2016 is “very likely” to be the warmest since records began in the late 19th century, the World Meteorological Organisation (WMO) said on Monday.

“Another year. Another record,” said WMO Secretary-General Petteri Taalas, with reference 16 of the 17 hottest years recorded having been in this century.

Taalas also said that extreme weather events are increasing as a result.

“Because of climate change, the occurrence and impact of extreme events have risen,” he said in a statement from Marrakech, Morrocco.

“‘Once in a generation’ heat waves and flooding are becoming more regular. Sea level rise has increased exposure to storm surges associated with tropical cyclones.”

Whilst there was hope of progress being made with the Paris deal, which was backed by almost 200 nations, there are growing concerns about international efforts to fight climate change following Donald Trump’s election win.

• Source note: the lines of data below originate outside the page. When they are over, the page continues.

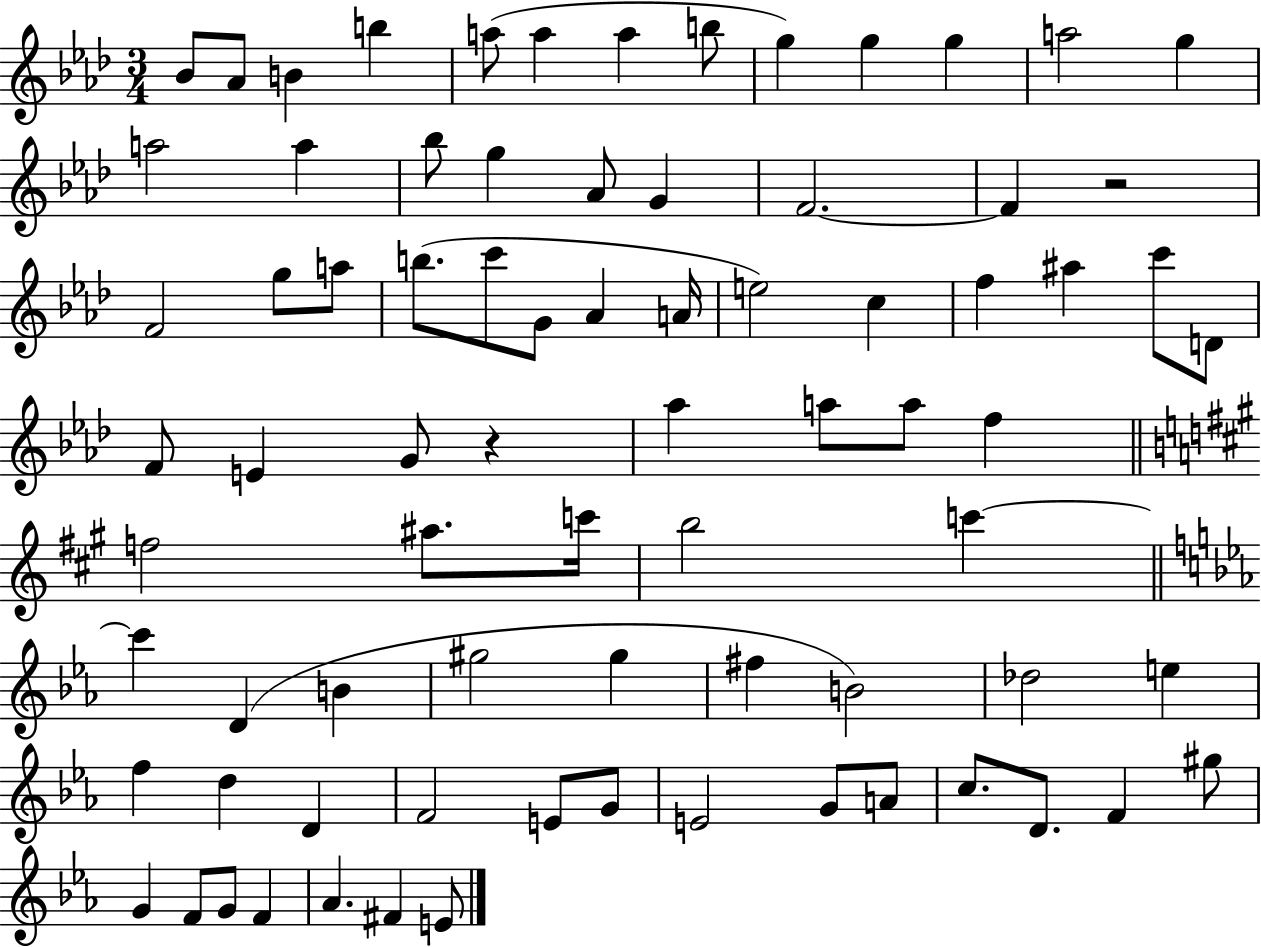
{
  \clef treble
  \numericTimeSignature
  \time 3/4
  \key aes \major
  bes'8 aes'8 b'4 b''4 | a''8( a''4 a''4 b''8 | g''4) g''4 g''4 | a''2 g''4 | \break a''2 a''4 | bes''8 g''4 aes'8 g'4 | f'2.~~ | f'4 r2 | \break f'2 g''8 a''8 | b''8.( c'''8 g'8 aes'4 a'16 | e''2) c''4 | f''4 ais''4 c'''8 d'8 | \break f'8 e'4 g'8 r4 | aes''4 a''8 a''8 f''4 | \bar "||" \break \key a \major f''2 ais''8. c'''16 | b''2 c'''4~~ | \bar "||" \break \key ees \major c'''4 d'4( b'4 | gis''2 gis''4 | fis''4 b'2) | des''2 e''4 | \break f''4 d''4 d'4 | f'2 e'8 g'8 | e'2 g'8 a'8 | c''8. d'8. f'4 gis''8 | \break g'4 f'8 g'8 f'4 | aes'4. fis'4 e'8 | \bar "|."
}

Trump famously called climate change a hoax created by the Chinese government, and there are apprehensions that the newly-elected President will seek to pull the United States out of the 2015 Paris Agreement, which aims to shift the world economy away from fossil fuels towards renewable energy.

The effects of rising temperatures are clearly being seen worldwide, with the most damaging weather event in 2016 being Hurricane Matthew, killing more than 500 people in Haiti.

Rising ocean temperatures have also led to significant disruption of marine ecosystems and coral bleaching, including Australia’s Great Barrier Reef, which has reported up to 50 percent coral mortality.

Data from the U.N. refugee agency has said that over 19.2 million people have been displaced by weather, water, climate and hazards including earthquakes. This is more than double those affected by violence and conflict.